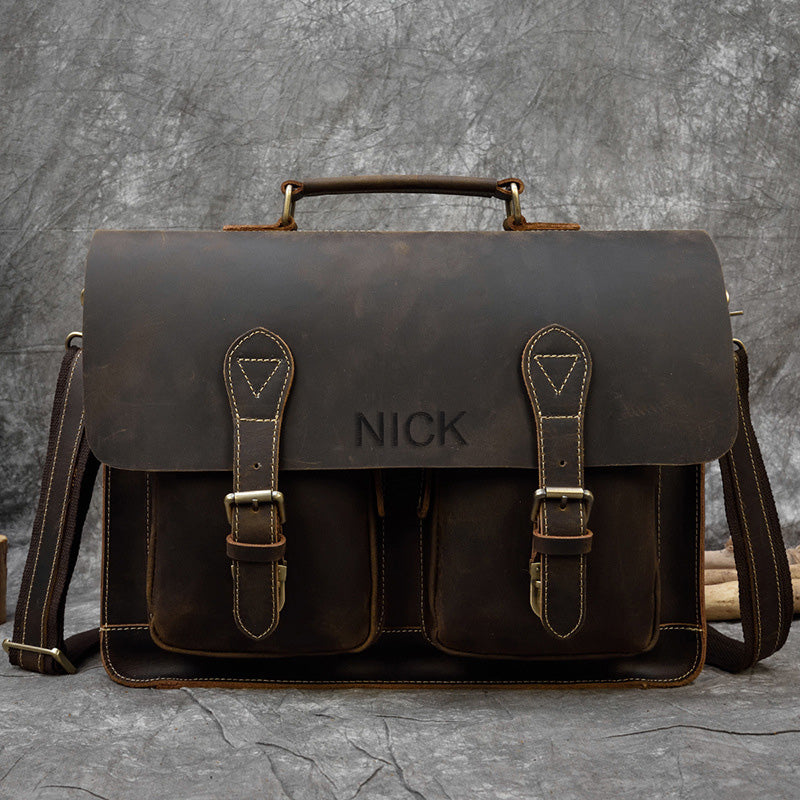 Personalized Monogram Full Grain Distressed Leather Briefcase Messenge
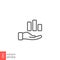 Business Concepts Equity stake line icon. Hand holding graph or chart diagram symbol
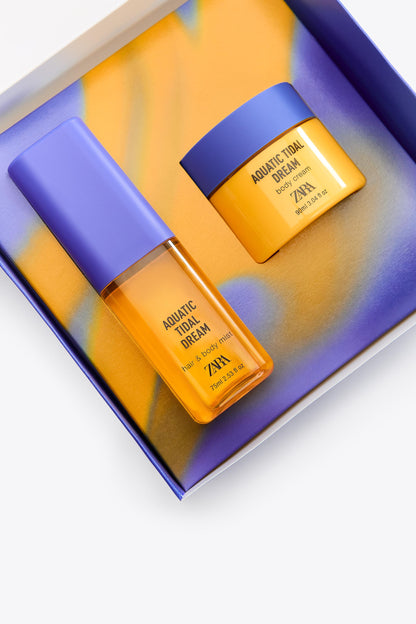 AQUATIC TIDAL DREAM HAIR & BODY MIST 75ML (2.54 FL. OZ) + BODY CREAM 90ML (3.04 FL. OZ).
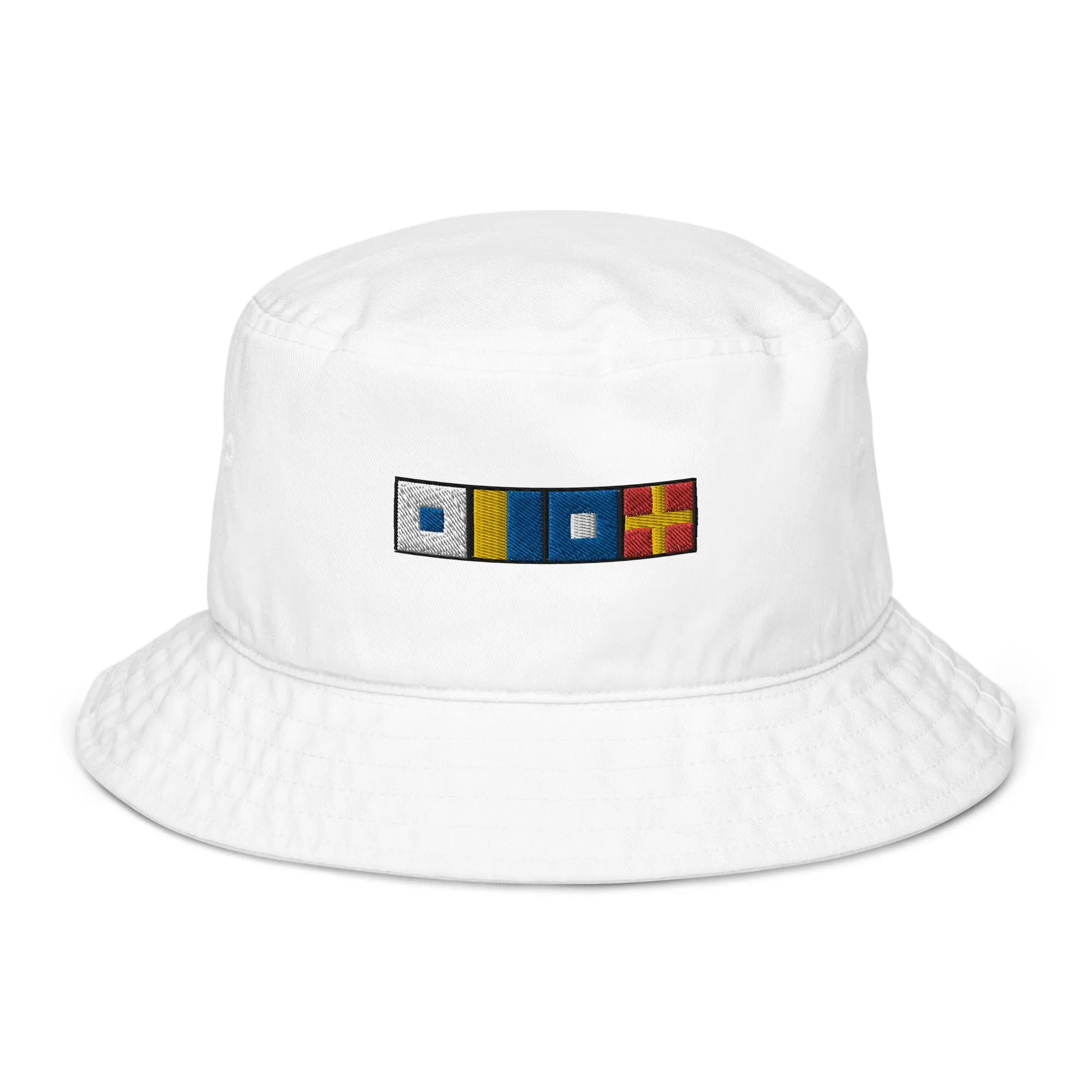 Organic bucket hat with SKPR (skipper) spelled out with Semaphore flags, Nautical Bucket Hat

- - - - -

Transcribe only the lines from the line holding "Business Concepts Equity" to the final line of the listing above. Keep them exact, include both ends, and skip the pictures.

(Written answer):
 Business Concepts Equity stake line icon. Hand holding graph or chart diagram symbol
 AQUATIC TIDAL DREAM HAIR & BODY MIST 75ML (2.54 FL. OZ) + BODY CREAM 90ML (3.04 FL. OZ).
 Organic bucket hat with SKPR (skipper) spelled out with Semaphore flags, Nautical Bucket Hat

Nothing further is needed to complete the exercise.